The stable free-radical nitroxide, 4-amino-2,2,6,6-tetramethylpiperidine-1-oxyl (TEMPO˙) was added to polymer chains to investigate its effects as a cytoprotective antioxidant attached to human red blood cells (1). NHS functional group attachment facilitates cell attachment via covalent amide bond formation with surface proteins (2). Polymer chains lacking NHS functionality were used as a control for cell surface binding (3). The average molecular weight of polymer chains was approximately 6.2kDa.

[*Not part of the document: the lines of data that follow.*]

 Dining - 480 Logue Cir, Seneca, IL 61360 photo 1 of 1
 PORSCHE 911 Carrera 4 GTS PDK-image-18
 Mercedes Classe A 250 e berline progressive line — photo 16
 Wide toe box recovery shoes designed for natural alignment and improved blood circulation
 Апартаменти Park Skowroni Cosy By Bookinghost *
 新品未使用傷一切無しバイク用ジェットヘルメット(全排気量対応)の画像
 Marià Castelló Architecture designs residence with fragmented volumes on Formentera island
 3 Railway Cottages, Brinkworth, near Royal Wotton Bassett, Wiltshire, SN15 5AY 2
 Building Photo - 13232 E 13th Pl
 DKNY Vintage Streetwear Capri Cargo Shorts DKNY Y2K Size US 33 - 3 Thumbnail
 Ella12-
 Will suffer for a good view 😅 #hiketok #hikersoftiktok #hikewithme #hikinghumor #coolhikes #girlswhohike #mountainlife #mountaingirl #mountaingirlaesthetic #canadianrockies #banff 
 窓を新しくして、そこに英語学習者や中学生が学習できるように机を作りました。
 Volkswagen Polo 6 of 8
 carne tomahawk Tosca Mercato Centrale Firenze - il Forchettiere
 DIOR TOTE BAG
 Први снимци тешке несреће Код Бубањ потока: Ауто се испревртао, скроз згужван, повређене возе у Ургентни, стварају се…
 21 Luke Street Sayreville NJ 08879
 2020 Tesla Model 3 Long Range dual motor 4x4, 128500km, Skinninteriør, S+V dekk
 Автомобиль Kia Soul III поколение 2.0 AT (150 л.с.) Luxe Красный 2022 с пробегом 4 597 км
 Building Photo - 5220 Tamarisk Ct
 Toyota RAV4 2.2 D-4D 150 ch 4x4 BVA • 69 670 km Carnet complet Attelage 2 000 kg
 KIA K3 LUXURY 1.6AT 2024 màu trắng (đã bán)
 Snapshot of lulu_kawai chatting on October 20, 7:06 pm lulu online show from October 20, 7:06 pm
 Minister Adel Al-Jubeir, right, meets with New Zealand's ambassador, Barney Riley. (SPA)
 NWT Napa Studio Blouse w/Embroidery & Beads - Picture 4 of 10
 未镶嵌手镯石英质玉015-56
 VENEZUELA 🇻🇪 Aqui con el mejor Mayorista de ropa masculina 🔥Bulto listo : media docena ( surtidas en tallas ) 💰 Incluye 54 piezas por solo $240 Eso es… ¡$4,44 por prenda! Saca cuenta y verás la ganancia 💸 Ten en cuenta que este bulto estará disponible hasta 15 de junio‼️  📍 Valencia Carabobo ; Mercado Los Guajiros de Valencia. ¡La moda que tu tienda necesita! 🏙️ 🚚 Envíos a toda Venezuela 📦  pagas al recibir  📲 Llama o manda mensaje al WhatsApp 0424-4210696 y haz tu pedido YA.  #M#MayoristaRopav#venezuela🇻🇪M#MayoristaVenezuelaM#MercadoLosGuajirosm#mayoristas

Fig 8. Effect of human erythrocyte membrane engineering with NHS-pDMAA-TEMPO˙ polymers on membrane damage during oxidant exposure over time.

Human erythrocytes modified with either NHS-pDMAA-Cy3 or NHS-pDMAA-TEMPO˙ demonstrated significant or nearly significant cytoprotective trends over time when exposed to oxidizing conditions (0.1 mM CuSO₄/1.25 mM ascorbate solution). Results are normalized to unmodified, oxidized hRBCs for each time point. Oxidation in this assay is indirectly measured by monitoring externalized phosphatidylserine tagging by Annexin V-Alexa488 using flow cytometry. Cell populations were gated as either positive or negative for Annexin V-Alexa488 fluorescence. *** indicates significance, p < 0.001 compared to unmodified hRBCs; * indicates significance, p < 0.05 compared to unmodified hRBCs; # indicates significance, p < 0.05 compared to NHS-pDMAA-Cy3 modified hRBCs. NHS-pDMAA-TEMPO˙-modified hRBCs are nearly significantly different to unmodified hRBCs at 30 minutes (p = 0.1190). Results were analyzed by a two-way ANOVA with Fisher’s LSD post hoc test. Bars represent group means ± SEM. n = 3.